Abbadie tenta plusieurs fois d’escalader le Buahit, mais en vain ; à la fin, il se décida à avoir recours au seul subterfuge qui lui permît le succès, c’est-à-dire à s'égarer. Ce n’est qu’en mai 1848 qu’il put réaliser cette difficile ascension. Ses domestiques l’abandonnèrent à mi-hauteur, refusant d’aller plus loin parce que la neige les effrayait. Abbadie ne put garder avec lui que son "coupeur d’herbes", qui est le dernier en grade dans la hiérarchie des serviteurs, et presque un esclave.
Ayant reçu de son maître l’ordre de marcher, le pauvre coupeur d’herbes, qui se nommait Bitawligne (c’est-à-dire "S’il me le laisse") obéit en tremblant, et non sans se dédommager par une improvisation lugubre et plaintive, dans laquelle il exhalait sur un mode poétique ses inquiétudes :
Malheur à moi, chantait-il, malheur à moi, infortuné S’il-me-le-laisse. Mon maître s’en va dans les nuages. Qu’as-tu fait, ma mère ? As-tu mis au monde S’il-me-le-laisse pour marcher dans les nuages ?
En dépit des sombres pronostics de Bitawligne, ils arrivèrent sans encombre, son maître et lui, au sommet du Buahit ; mais ils enfonçaient dans la neige jusqu'aux genoux. Abbadie disposa aussitôt son hypsomètre, thermomètre très délicat qui se plonge dans l’eau entrant en ébullition, et qui, par la température qu’il marque alors, indique l’altitude du point où l’on tente l’expérience. Abbadie trouva ainsi qu’au sommet du Buahit l’eau bout à 85°5, d’où il faut conclure que ce sommet se dresse à environ 4 600 mètres au-dessus du niveau de la mer.
Ce fut d’ailleurs la seule observation qu'il put faire en ce lieu élevé. Jusqu’à la nuit, les nuages obscurcirent l’horizon et lui dérobèrent obstinément la vue des cimes voisines. Ses pieds, nus, étaient presque gelés ; il fallait songer au retour, descendre à plus de 2 000 mètres, rejoindre les domestiques restés en arrière, et chercher avec eux un abri pour la nuit. Séjourner sur ces hauteurs eût été fort dangereux, le rayonnement nocturne y produisant un froid intense. Abbadie connaissait ce danger ; il savait qu’un jour 300 guerriers avaient trouvé la mort dans le col du Buahit, engourdis par le froid ; il savait aussi qu’une dame noble du pays, passant par ce même col, avait eu l’imprudente idée de s’y reposer, et s’y était endormie du dernier sommeil. Pendant huit jours, les passants la virent dans la même attitude, sous ses vêtements précieux. Enfin, il fut constaté qu’elle était morte et gelée, et on l’enterra.

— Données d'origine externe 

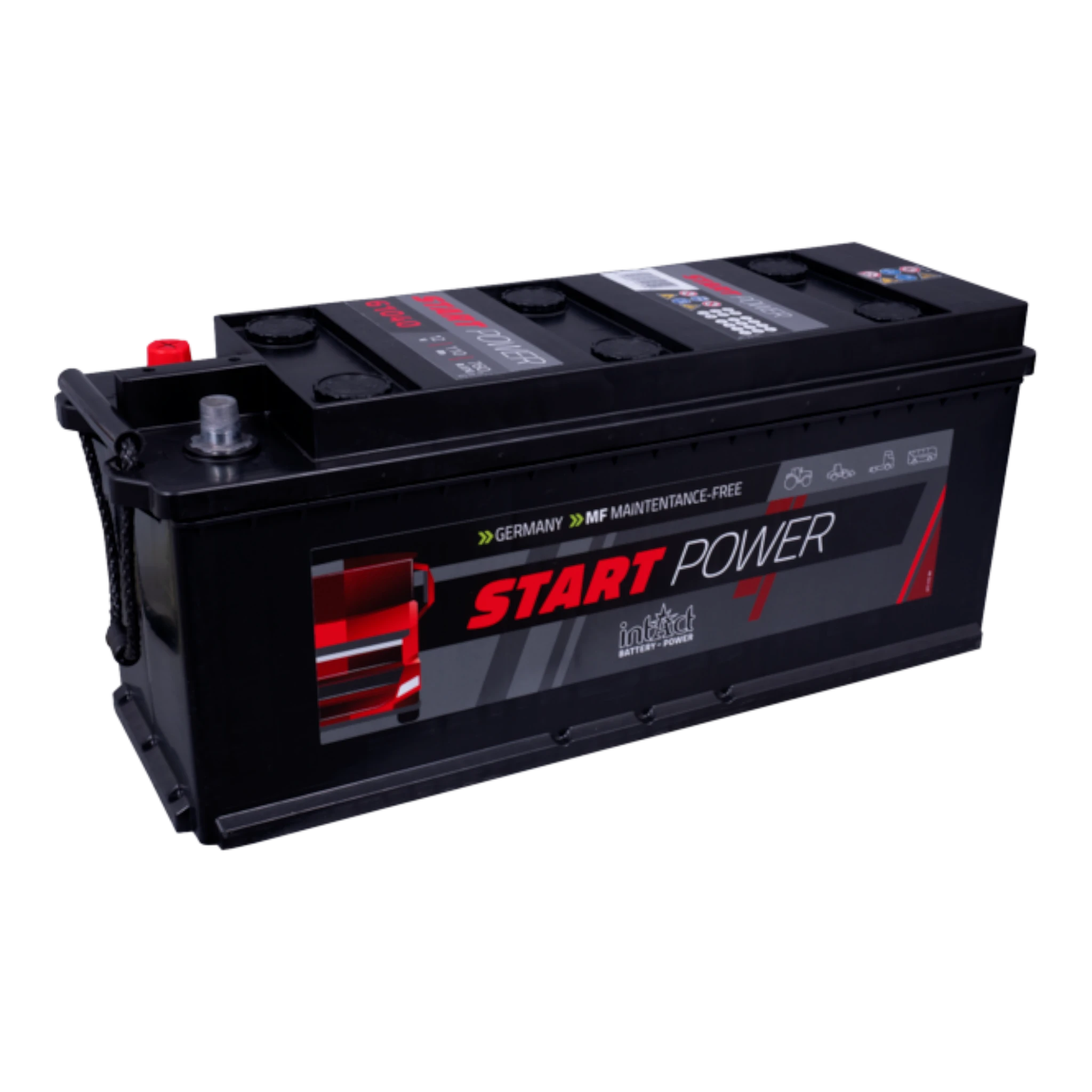 intAct Start-Power Truck 61040 - LKW Batterie 12V, 110Ah, 760A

L'ascension du Buahit fut un des derniers travaux d’Abbadie en Ethiopie. Vers la fin de 1848, les deux frères s’embarquèrent pour l’Europe, emportant une moisson de documents et ayant rempli au delà de leurs espérances le vaste programme qu’ils s’étaient tracé. Ils avaient largement ajouté aux découvertes de leurs devanciers dans la région septentrionale qui s’étend autour du lac Tana ; ils avaient les premiers pénétré au cœur de l’Ethiopie méridionale. Des explorations postérieures ont démontré que la rivière Omo, qu’ils croyaient être le Nil Blanc, n’est, en réalité, qu’un affluent du lac Rodolphe ; mais il est encore honorable d’avoir commis cette erreur, si l’on considère que le pays où ils voyageaient au milieu de tant de dangers n’a livré qu’une faible partie des secrets de sa topographie et de sa géologie.